Tuesday, October 16, 2007

Exposure is necessary

Over and over again government entities have to be reminded that their business is not private business, it's public and the public cannot be prevented from viewing the proceedings.

Today's Nashville City Paper in four very short paragraphs tells us that another attempt at keeping the public's business out of public view has failed. According to the paper MNPS Director of Schools Dr. Pedro Garcia objected to the Charter [school] Review Committee's meetings being public and "expressed desire to conduct the meeting in closed session to prevent media exposure." However:

Board member David Fox was seeking outside legal advice on the issue because he wished to attend review committee meetings and hear plans from the three charter school groups seeking approval.
THANK YOU Mr. Fox! Why would the people's representative (Board Member David Fox) have to even wage this battle? What's the downside to 'media exposure' that Garcia is so concerned about?

It's hard enough to get a charter school started in this state, this district, but to continue to give this committee the ability to hide our business, their reasoning, their process from the public only ensures that the children of this district will continued to be denied what may be the very educational option they need because the fox is watching the hen house. Doubt that? Check this list:

2007-08 Charter School Committee

Dr. Greg Patterson, Chair
Gracie Porter, Board of Education Rep.
Dr. Lendozia Edwards, Curriculum and Instruction
Dr. Kecia Ray, MNPS Policy
Avi Poster, Community Member
Shannon Puckett, Business Office
Glenda Gregory, Business Office
Mary Johnston, Metro Legal
Dr. Nancy Meador, Curriculum and Instruction
Faye Goodman, MNPS
Henry Flenory, ADA
Dr. Tina Stinson, Assessment and Evaluation
Carol Swain, IT
Dr. Christian Arthur, TSU Dean

Members in red are on the MNPS payroll. I consider these people, sans Ms. Porter as the people's representative, to have a conflict of interest in regard to charters for the children in Davidson County.

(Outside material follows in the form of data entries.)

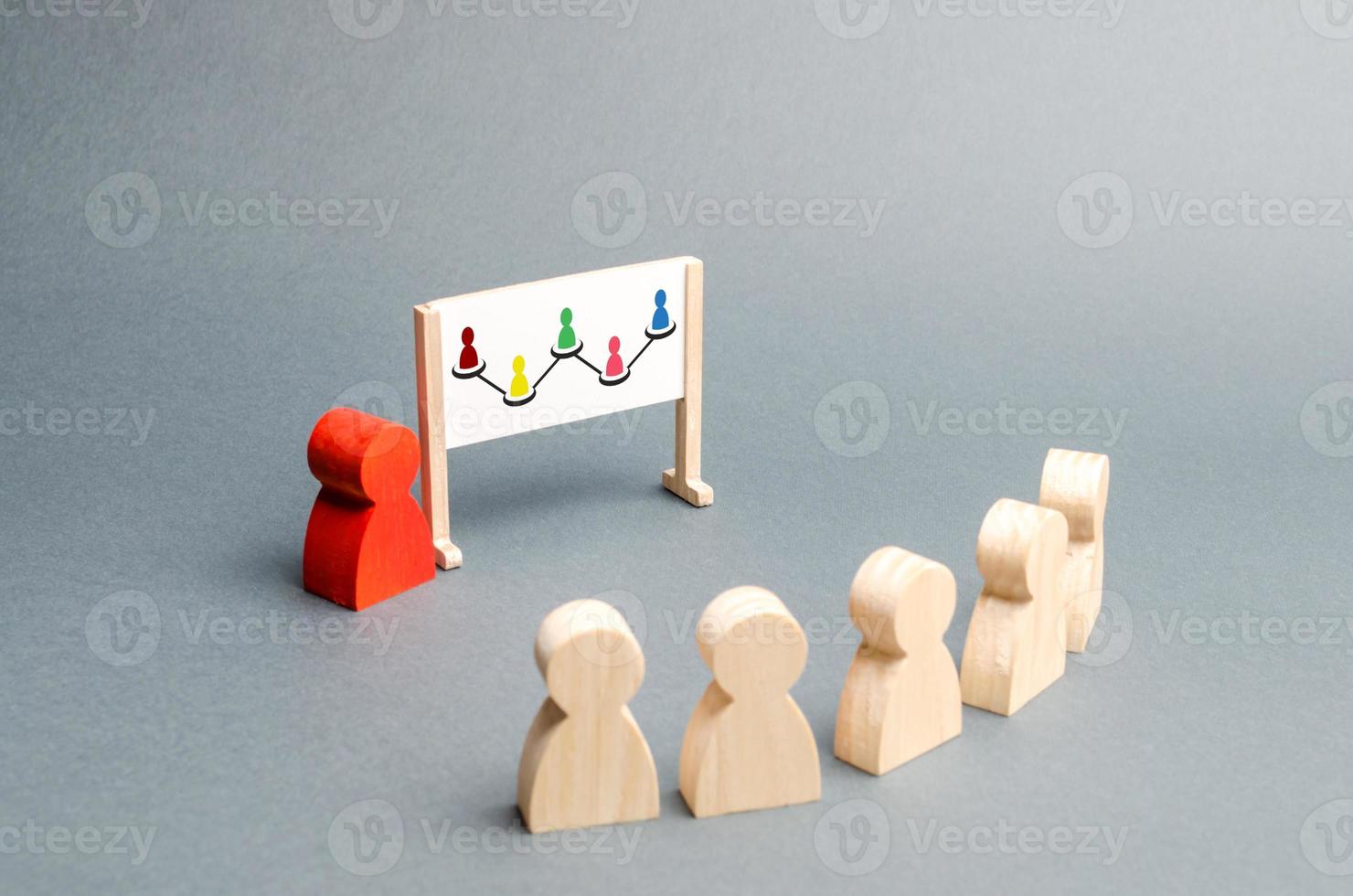 Employees stand in a row at the briefing. Business collection, information on whiteboard. Report and strategy development, building an action algorithm. Roadmap to complete the task. Selective focus photo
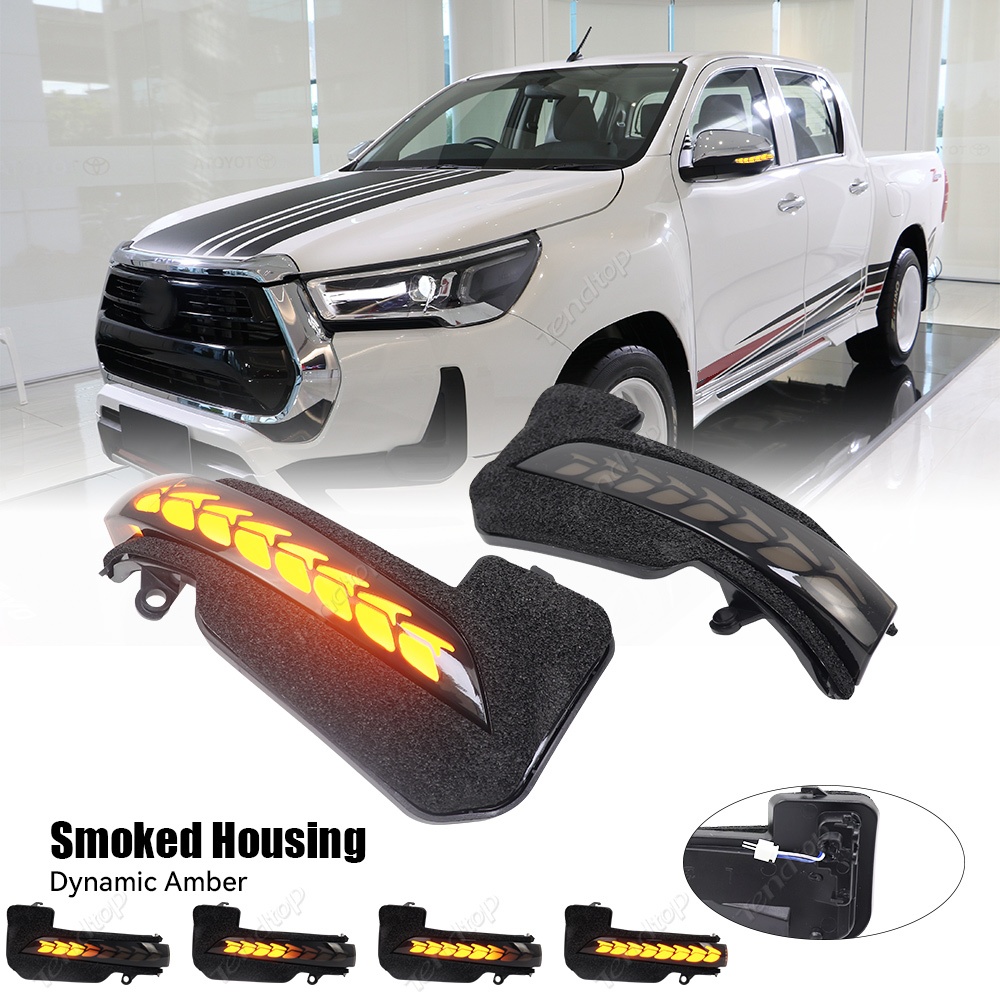 2ชิ้น ไฟเลี้ยวไดนามิก LED สีเหลือง สําหรับ Toyota Fortuner Hilux Innova 2016+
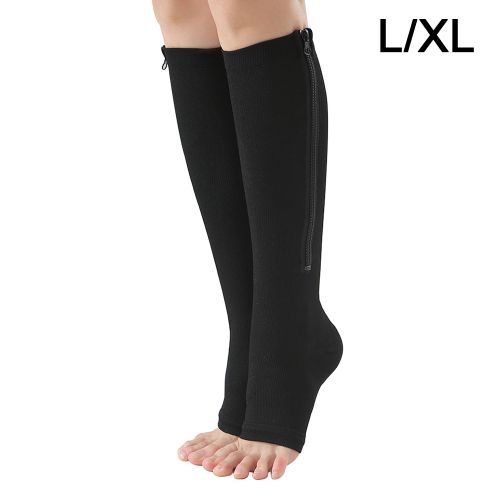 Fashion For Crew Zipper Compression Socks Leg Support Knee High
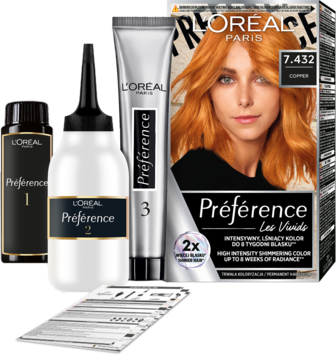 Zestaw do koloryzacji włosów L'Oréal Préférence miedziany 7.432, z butelkami, tubką i ulotką, na białym tle.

Mr. Poster is no mere 'community member' as he is a retired middle school principal from Chicago and has been a member of this committee for several years already, as well as the Nashville Chamber of Commerce's Report Card committee, and has advocated closed door meetings for school board business.

Again, thanks to BOE Rep. David Fox. I hope he'll take this a step further and publicly report to the community what goes on in those meetings.

From a post in March 2007 on this blog:
And I completely agree with David Fox in the following:
The whole imbroglio has led school board member David Fox to propose that the board’s governance committee address the administration’s treatment of charter schools by adding to its list of “executive expectation” a line item basically saying the director should make a good-faith effort to work productively with charter schools. The committee will take up the proposal in coming months. (Nashville Scene [an adult site] March 22, 2007)
They should do this immediately--though I realize that it's not likely to make an immediate impact on Garcia's contract. But it will ensure that the BOE is regularly looking at this issue and, I sincerely hope, making sure that these MNPS students get all they need too.
It appears the BOE has not yet adopted this change to their Executive Expectations as their website shows no EE changes this year at all and none to EE-17 Charter Schools since 10/11/2005. Garcia's attempt to 'prevent media exposure' would certainly fail my definition of making a 'good-faith effort to work productively with charter schools'.